Pour faire place à un projet de résidences pour personnages âgées, la municipalité de Sainte-Marie en Beauce vient d’accorder à un promoteur local le droit de démolir, au coeur de son centre-ville, l’ancien Château Beauce, une imposante résidence centenaire dessinée par un des architectes québécois parmi les plus importants.

« C’est sûr que de voir ce bâtiment disparaître, ça fait de quoi à tout le monde », dit en entrevue au Devoir le maire Gaétan Vachon, qui est aussi préfet de la MRC de La Nouvelle-Beauce. « Ça a de l’histoire. Mais un moment donné, faut avancer. » Même s’il indique avoir reçu des manifestations d’inquiétude d’un peu partout en réaction à ce permis de démolition, le maire ne se démonte pas. « Je reçois plein d’appels en même temps de gens qui ne sont même pas d’ici ! J’ai même eu un appel de quelqu’un des États-Unis. Un moment donné, les gens qui ne sont pas d’ici, je ne vois pas en quoi ça les concerne. Je ne dis pas ça pour vous. »

Un avocat, Charles Breton-Demeule, et un urbaniste, Guillaume St-Jean, ont alerté la ministre de la Culture et des Communications pour qu’elle annule la décision du conseil municipal de Sainte-Marie.

« Comment une démolition pareille peut-elle être autorisée ? » se demande Philippe Gobeil, professeur d’histoire et de théâtre qui habite la municipalité. « Ça aurait pris une séance exceptionnelle du conseil. Les citoyens n’ont pas été informés. C’est passé en douce entre d’autres affaires. »

Breton-Demeule dénonce que la municipalité autorise cette destruction sur la base du seul intérêt économique du promoteur, selon des considérations tout à fait étrangères à la protection du patrimoine commun. La maison, observe encore ce spécialiste, présente pourtant un grand intérêt national. La ville de Sainte-Marie, sur son site Internet, consacre une longue description à cette demeure au chapitre des bâtiments patrimoniaux, tout en notant son excellent état. La demeure fait aussi partie du circuit patrimonial de la région.

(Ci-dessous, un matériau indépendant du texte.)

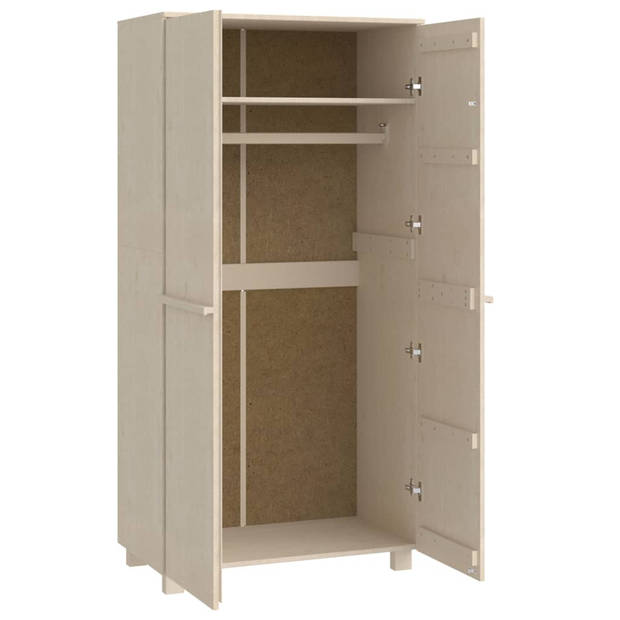 The Living Store HAMAR Houten Garderobe - 89 x 50 x 180 cm - Honingbruin - Massief grenenhout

La maison n’est pourtant pas banale. Dans un mémoire de l’Université Concordia signé par l’historienne de l’art Johanne Pérusse, on apprend que cette résidence d’inspiration néo-Tudor, rare en son genre hors des grands centres urbains, constitue une des premières, sinon la toute première réalisation de l’architecte Jean-Omer Marchand au Québec. Marchand est alors le seul architecte canadien diplômé de l’École nationale supérieure des beaux-arts de Paris. Au Canada, on lui doit plusieurs constructions publiques importantes, dont la chapelle du Grand Séminaire de Montréal, la prison de Bordeaux, l’édifice de la Cour municipale de Montréal et l’imposante résidence du financier Rodolphe Forget, aujourd’hui le consulat de Russie. Très prisé, considéré comme l’un des architectes canadiens les plus novateurs du début du XXe siècle, il a même contribué à la conception de l’édifice central du parlement fédéral à Ottawa.

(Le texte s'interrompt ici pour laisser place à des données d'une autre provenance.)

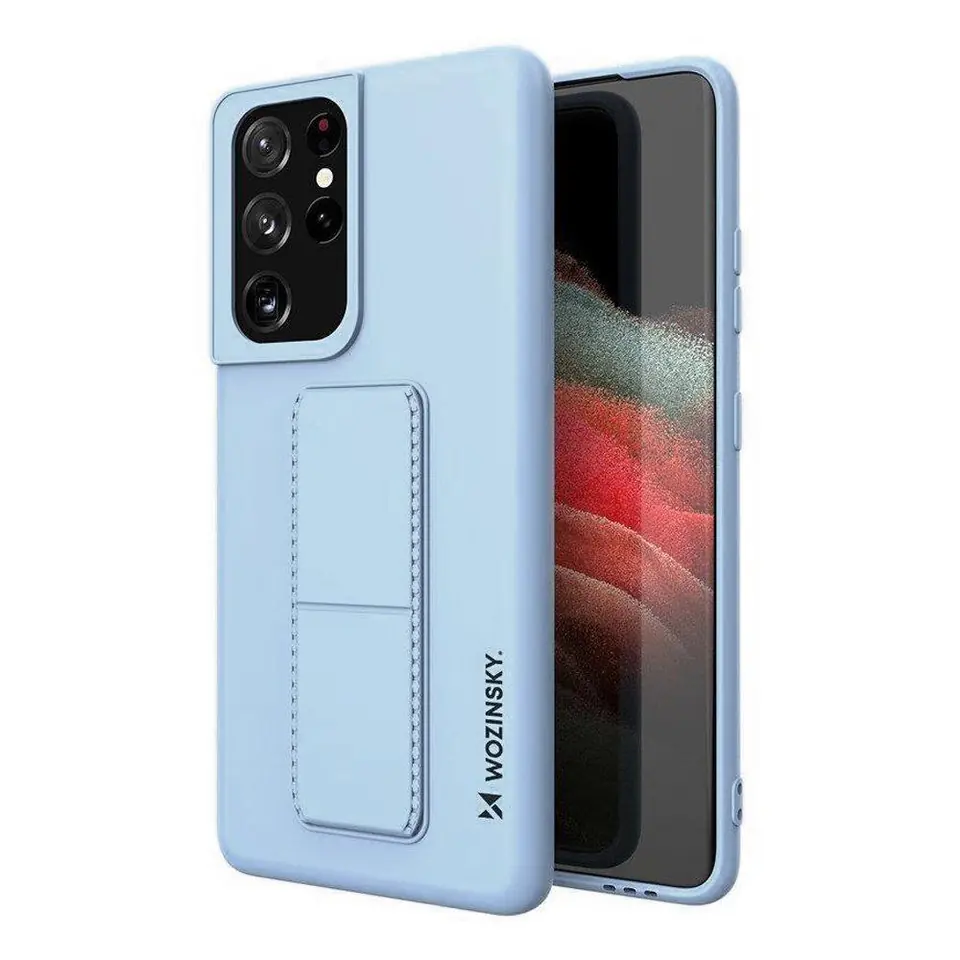 Silikonowe etui z podstawką Wozinsky Kickstand Case - etui Samsung Galaxy S21 Ultra 5G - jasnoniebieskie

À l’intérieur, le corridor est coupé d’arcs en plâtre savamment travaillés. Très moderne dans son confort, la maison comporte quatre salles de bains complètes au premier étage, luxe exceptionnel pour une résidence québécoise du temps. Un splendide escalier de bois permet d’accéder au deuxième étage, baigné par la lumière filtrée par les verres colorés de vitraux de fenêtres à meneaux. Une tour ornée de mâchicoulis et crénelée, surmontée d’une tourelle, offre un belvédère. De ce style propre aux grandes demeures de la bourgeoisie anglophone, des notables canadiens-français firent un reflet de leur propre succès social.

Les résidences privées conçues par Marchand sont peu nombreuses, à plus forte raison hors des grandes villes. Les archives nationales conservent les dessins de la maison commandée par le notaire Théberge de Sainte-Marie de Beauce.

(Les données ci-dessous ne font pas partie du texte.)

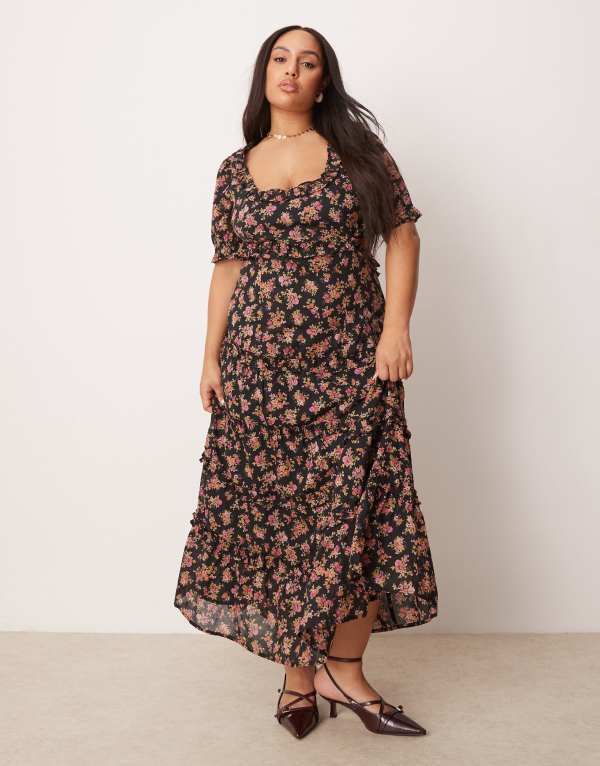 エイソス レディース トップス ワンピース カットアウト ミディワンピース フラワー柄 ミディ フラワー ASOS Curve ASOS DESIGN Curve sweetheart neckline midi dress with cut out in d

Pourquoi démolir un bâtiment pareil ? La Ville, par la voix de son maire, affirme manquer de logements pour ses personnes âgées. L’édifice centenaire, explique-t-il, sera remplacé par un édifice neuf de quatre étages, avec un stationnement souterrain. « Les gens du comité d’urbanisme ont trouvé la proposition intéressante. Et nous autres, à la Ville, on a dit que c’est un beau projet. On embarque ! Les couleurs du bâtiment seront adaptées au centre-ville, à l’église. Les gens s’énervent pour rien : ils n’ont pas vu le produit. »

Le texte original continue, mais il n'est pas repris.